Curse him. Turning back to her mirror, she resumed touching up her face paint. “British lord?” she said with forced nonchalance. “I don’t remember any British lord.”
Mr. Duval chuckled. “You rage about him every time anyone mentions the virtues of tragedy over comedy.”
“He was arrogant and insufferable in his opinions,” she snapped. “Of course I rage about him.”
“So you do remember him,” Mr. Duval said smugly.
She glared at Mr. Duval in the mirror. “I remember that you forced the man on me and that I regretted it. Just as, no doubt, I will regret the one you are trying to make me see tonight.”
“This one is different.”
“You always say that,” she muttered.
“He’s from Chanay.”
She paused with her powder brush in midair. Grand-maman was also from Chanay, in Belgium. “What’s his name?”
“The Count de Beaumonde. He says he’s your great-uncle. Your grandmother’s brother-in-law.”
She recognized the name. Grand-maman had spoken of the count many times, and with great affection, too.
Monique’s hand began to shake so much she dropped the brush. “He’s here. In the theater.”
“Who’s with him?”
“Only a servant. But the count says he traveled from Calais today to speak with you and your grandmother.”
She could scarcely believe it. After all these years of Grand-maman’s exile from her family, one of them had finally come to see her. Before this, not a single person from the Chanay branch had bothered.
What was she to think? What did it mean? “Did he say why he’d come?”
“No. But he said it was most important. Shall I tell him he can meet with you?”
She had to say yes. These days Grand-maman spoke of nothing but her childhood in Chanay. The count might be able to cheer her. Besides, Monique was curious to meet one of the relatives her grandmother had seemed so amazingly fond of.

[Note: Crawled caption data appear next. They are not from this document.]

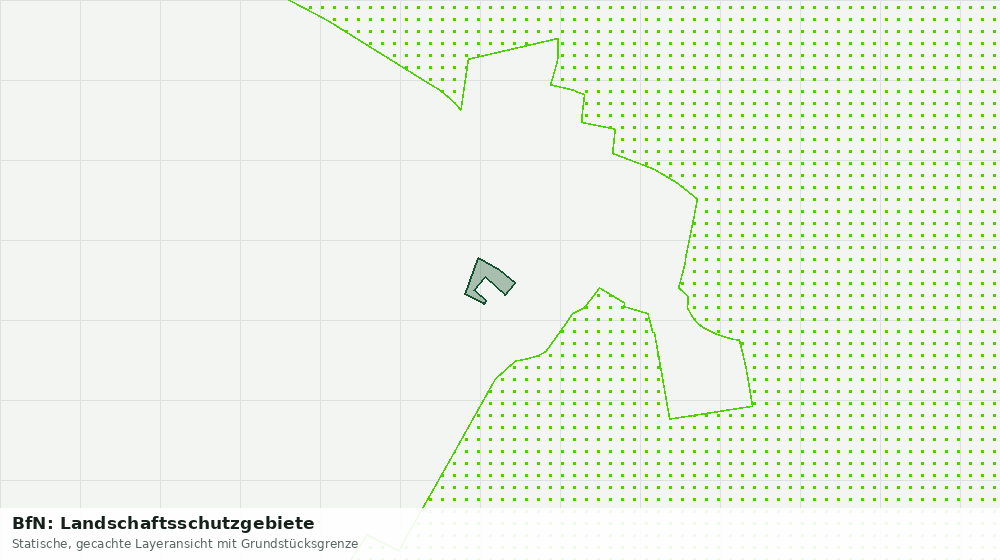 Statische Kartenansicht: BfN: Landschaftsschutzgebiete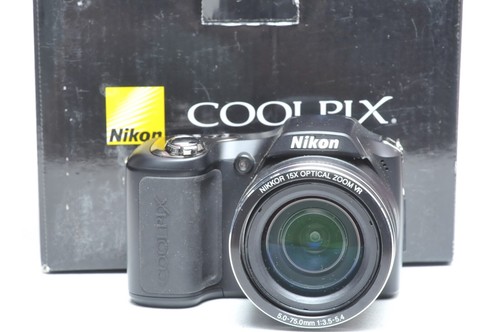 Nikon coolpix l100 10mp 15x - nikon,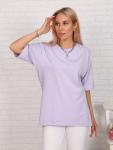*Футболка Кейт Фиалковый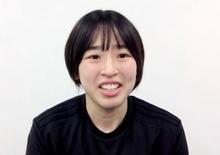 バスケ、今季で引退の三好が会見 女子東京五輪代表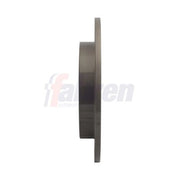 Fahren 2 x Solid Rear Brake Discs FBD6296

“Set it up,” she said, “but not here. At the apartment. Tell him to come at eleven.”
That would give her an hour after the play to make herself presentable. To make Grand-maman presentable and prepare her for seeing her long-lost relation. They must both make a good impression. Monique didn’t know why the man was here or what he wanted, but she was not going to let him see her looking like an overpainted harlot in this cramped dressing room. Or pitying Grand-maman for having such a granddaughter.
After all, it wasn’t every day that one got an
audience with a member of the royal family of Chanay.
Unable to sit still, Monique paced the small parlor of their comfy apartment as her grandmother sat on the sofa doing embroidery. Ever since Grand-maman’s mind had begun to fail her, she’d reverted to old habits from her girlhood—embroidering reticules, speaking like a royal, and expecting luxuries that Monique could never afford.
“Who is this visitor we are expecting?” Grand-maman asked.
Having already answered the question twice, Monique said, a trifle impatiently, “Your brother-in-law, the count. You remember.”
Her grandmother lit up, just as she had twice before. “Oh yes! A lovely man. How kind of him to visit! I shall be very happy to see him.” She rose. “Shall I call for wine?”
Monique hastened to her side. “No need.” Especially since their one servant had left long ago. She gestured to the bottle of red Burgundy sitting on the tea table with three glasses and a little pile of petits fours. “We are all ready for him.”
“Good, good. He must have the best.”
A knock came at the door.
Wiping her clammy hands on the skirt of her best gown, Monique stiffened her spine and walked calmly to the door.
She opened it to find a white-haired gentleman who looked even older than her sixty-five-year-old grandmother. Dressed in a costly opera cloak of black satin, a suit of black silk, an ivory cravat, and a subtly patterned waistcoat, the darkly attractive fellow was the very picture of discreet elegance. Oddly enough, he reminded her of her late grandfather, who was of no relation to him whatsoever.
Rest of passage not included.